El caso de Caldas, que se conoció este miércoles, 30 de abril, es una muestra más de las aberraciones de muchos salvajes disfrazados de ovejas, que se aprovechan de la vulnerabilidad de una niña para arrastrar su dignidad y disponer incluso de su vida.
La imagen de esa menor corriendo despavorida al ser perseguida por su padrastro violador, que no contento con haber abusado de ella, había cavado una tumba para enterrarla, es una derrota para la humanidad entera.
Nos queda el consuelo de que un campesino escuchó sus gritos y corrió a rescatarla. Y de que hoy, el pastor evangélico, que en realidad es un monstruo, ya está detenido, después de ser increpado por una comunidad embravecida. Por lo menos, hubo solidaridad. Ahora, esperamos que también haya justicia.
¡No merecemos tener la cabeza en alto como sociedad, como país, como humanidad! Los folios de las comisarías de familia en Colombia están repletos de casos anónimos, desconocidos, de niñas que han sufrido abusos de sus propios padres, en sus propias casas, en los lugares donde se supone que deberían estar seguras. ¡Merecemos cargar con el lastre de la vergüenza!

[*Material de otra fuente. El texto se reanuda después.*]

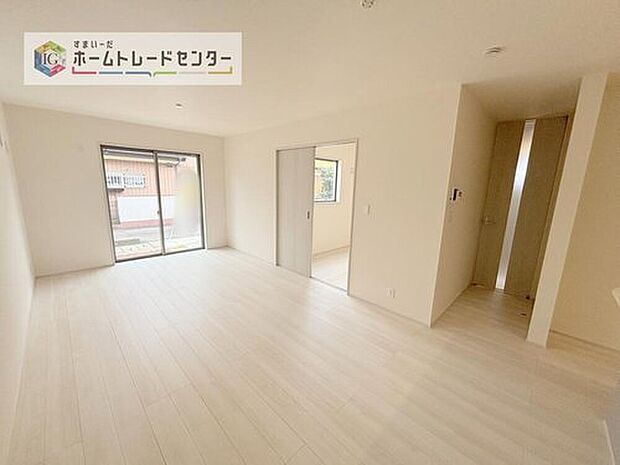 広々としたリビングは南側に設けた掃き出し窓からたくさんの陽光を取り入れてくれます。家族が集まる空間ですからやはり明るさと、暖かさは大切です。広さがありますので家具の配置に悩まなくて済むのも良いです。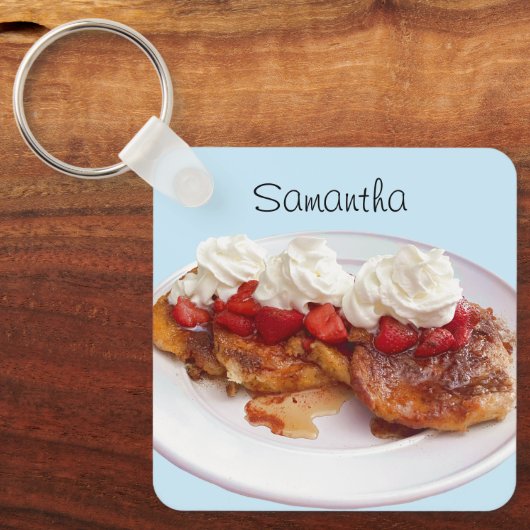 イチゴとクリームの甘いパン キーホルダー (正面)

Si guardáramos un minuto de silencio por cada mujer víctima de abuso y violencia sexual, creo que este mundo se quedaría mudo para siempre. Qué angustiante parir hijas para esta sociedad enferma, donde el hecho de nacer mujer ya es una amenaza, un factor de riesgo, una sentencia de que no vamos a sentirnos seguras nunca, no importa dónde estemos.
Algún día, tendremos que hacer un mea culpa colectivo por cada vida desahuciada por causa del abuso, por cada niña que tuvo que renunciar a su inocencia por culpa de un depravado, de esos que se camuflan entre la gente de bien y maquillan sus culpas. Porque han sido valientes para agredir a seres vulnerables, pero se agazapan a la hora de reconocer sus aberraciones.
Si conociéramos cada caso de abuso sexual en el país, tendríamos todos que llorar lágrimas de sangre, porque no hicimos nada para proteger a esas niñas, a esas mujeres que han crecido arrastrando dolores que no merecían, heridas que les dejó una sociedad machista y misógina, que aún tiene muchas deudas por saldar en equidad, muchos dolores por curar en quienes hacen posible el milagro de la vida.
Casos como los de estas dos menores, nos tienen que doler para siempre. No merecemos siquiera la redención del olvido. Nuestra condena es recordar que no hemos sido capaces de honrar y cuidar a nuestras niñas. Y al final -hay que decirlo- todos tenemos las manos manchadas de sangre, todos llevamos la culpa de cada una de esas víctimas a las que no supimos proteger ni escuchar.